A variety of reproductive biotechnology techniques have been utilised to conserve domestic animal breeds, including artificial insemination (AI) and multiple ovulation and embryo transfer (MOET) (Mara et al. 2013). Recent advancements have led to the development of more effective and practical methods, making AI and MOET viable options for goats (Souza‐Fabjan et al. 2023). One of the benefits of AI is that it minimises the risk of sexually transmitted diseases and allows for the preservation of reproductive potential through semen cryopreservation (Leboeuf et al. 2000). During AI, millions of sperm are deposited into the female reproductive system. However, only a small fraction reaches the fertilisation site, which lowers the overall efficiency of the technique. Research has observed that maintaining an adequate number of sperm during ovulation can significantly enhance fertilisation success rates (Fraser 1998).
When AI is performed more than 24 h after semen collection, the use of refrigerated semen is recommended (Mocé et al. 2020). However, this approach has its drawbacks, as prolonged storage reduces sperm viability, compromising the success rates of AI, particularly regarding sperm longevity (Leboeuf et al. 2000). To overcome this problem, sperm microencapsulation has emerged as a promising solution. This technique involves coating sperm cells with a semipermeable polymeric membrane that allows for the controlled release of viable sperm, potentially extending their availability in the female reproductive tract (Nebel et al. 1985; Vigo et al. 2009).

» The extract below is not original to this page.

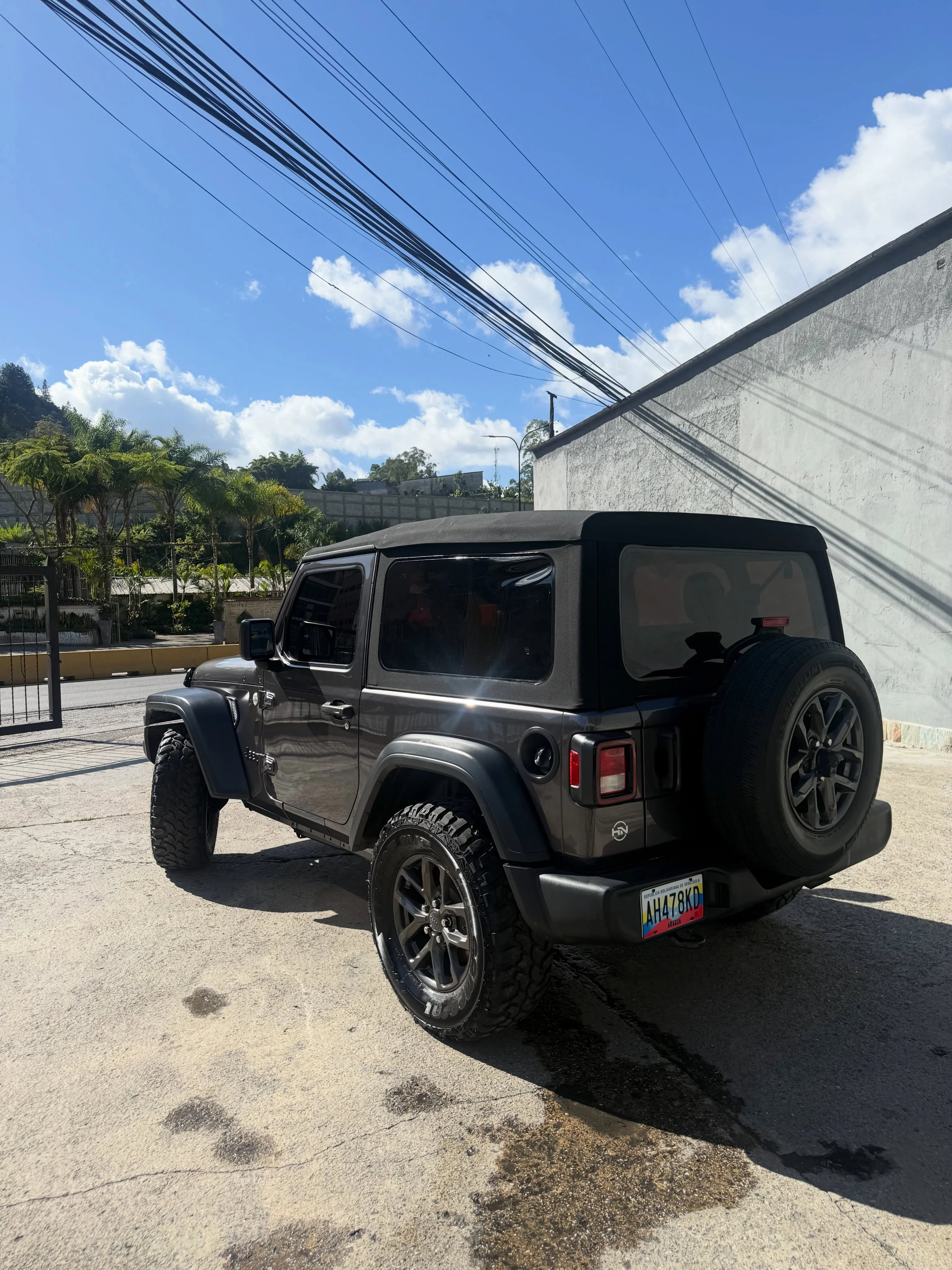 2023 Jeep Wrangler Sport — photo 4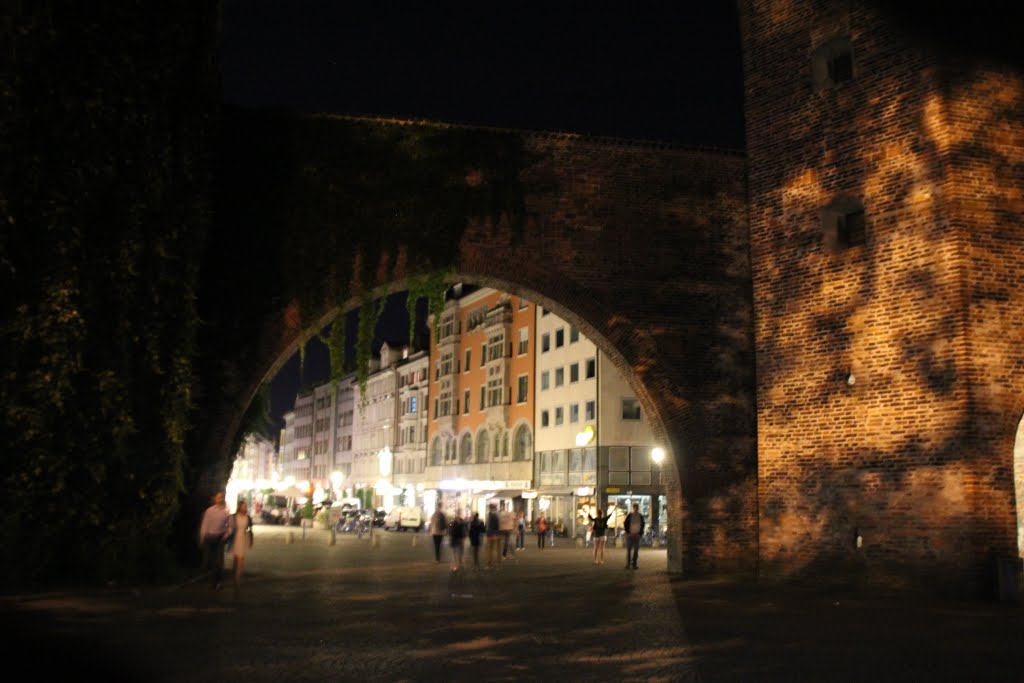 München, Deutschland: das Sendlinger Tor an einem lauen Sommerabend, Mitte Juli 2015 by kdh865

The controlled release of encapsulated spermatozoa into the uterus during AI may decrease retrograde movement and prevent premature capacitation. Thus, it could increase the time available for oocyte fertilisation (Nebel et al. 1985). The material used to form these capsules can be a single type or a combination of materials, such as alginate, cellulose sulphate and liposomes (Weber et al. 2006). Alginate microencapsulation is frequently used to maintain bioactive components because its structure allows the exchange of nutrients and metabolites (Uludag et al. 2000). Alginate microencapsulation has the potential to protect spermatozoa from contamination risks associated with foreign substances, whether they are other spermatozoa or genetic material (Herrler et al. 2006). Moreover, microcapsules protect the spermatozoa against environmental stressors such as temperature changes, mechanical impacts, and the accumulation of damaging compounds (Dubey 2009). Alginates are derived from brown algae and consist of unbranched polysaccharides made up of guluronic (G) and mannuronic (M) acid residues. These can form either homopolymers or heteropolymers. Gelation occurs when divalent ions like Ca^2+^ or Ba^2+^ interact with G‐blocks and create a three‐dimensional structure. The mechanical properties and macrostructure of the alginate gel depend on the G/M ratio and the type of ions used. Notably, barium ions combined with a high proportion of G‐blocks produce stronger gels (Faustini 2011). Therefore, this study aimed to establish the use of the alginate microencapsulation procedure for goat semen and to investigate whether this method enhances longevity during cold storage compared to the traditional straw method.
Material and Methods
2
Ethical Approval
2.1
The Ethics Committee on the Use of Animals (# 31032.004688/2024‐39) approved this experiment, which follows the guidelines for experimental handling established by Sandøe et al. (2008).
Local and Animals
2.2
This study was conducted at the State University of Ceará facilities located in Fortaleza, Brazil (3°43′58″ S, 38°31′37″ W). Sexually mature Canindé bucks (n = 2, age of 2–4 years, and weight of 35–45 kg) were used as semen donors. Goats were healthy, housed in individual barns and fed concentrate (minimum 18% CP). Minerals and freshwater were available ad libitum.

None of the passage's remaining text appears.